Mettiamoci nei panni di chi, fabbricando e vendendo gioielli (autentici) da una vita, si sente mortificato dal prevalere di oggetti vili, che hanno l’unica fortuna di essere trainati dalla pubblicità e dalla moda, ma che sono effimeri – nessuno può negarlo – e tuttavia scippano persino del nome quelli legittimi. Diamo la colpa alla moda, diamo la colpa al marketing, diamo la colpa all’incultura dilagante in fatto di gioielli e diamo la colpa alla crisi economica, che non invoglia certamente a spendere grosse cifre in gioielli, salvo poi “buttarne via” un po’ (comunque troppi) in ornamenti di dubbio pregio.

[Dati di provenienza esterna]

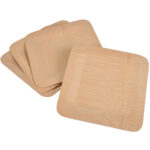 Bambus Einwegteller 4er-Set, quadratisch, flach, 23 cm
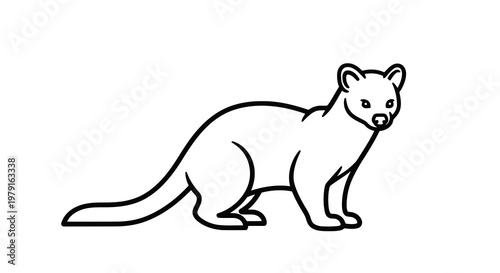 Simple line drawing of a weasel on a white background.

Ma la colpa, forse, gli orafi dovrebbero attribuirla anche a se stessi, dal momento che spesso non sanno comunicare adeguatamente col mondo che li circonda: tanto è vero che non riescono neppure ad imporre una definizione univoca del gioiello, il quale dovrebbe essere sempre e solo per tutti quella cosa creata in metallo prezioso e pietre preziose. Fanno bene adesso ad inalberarsi – adendo persino le vie legali – contro chi osa apostrofare gioiello un tocchetto d’acciaio, con tutto il rispetto possibile per chi lavora in questo comparto, ma facciano attenzione: ricordino che devono essere loro per primi a sensibilizzare, informare, educare il pubblico ai loro prodotti, ad esprimere chiaramente chi essi siano, cosa facciano, perché siano più bravi. Convinceranno anche gli altri, se sono veramente persuasi loro stessi.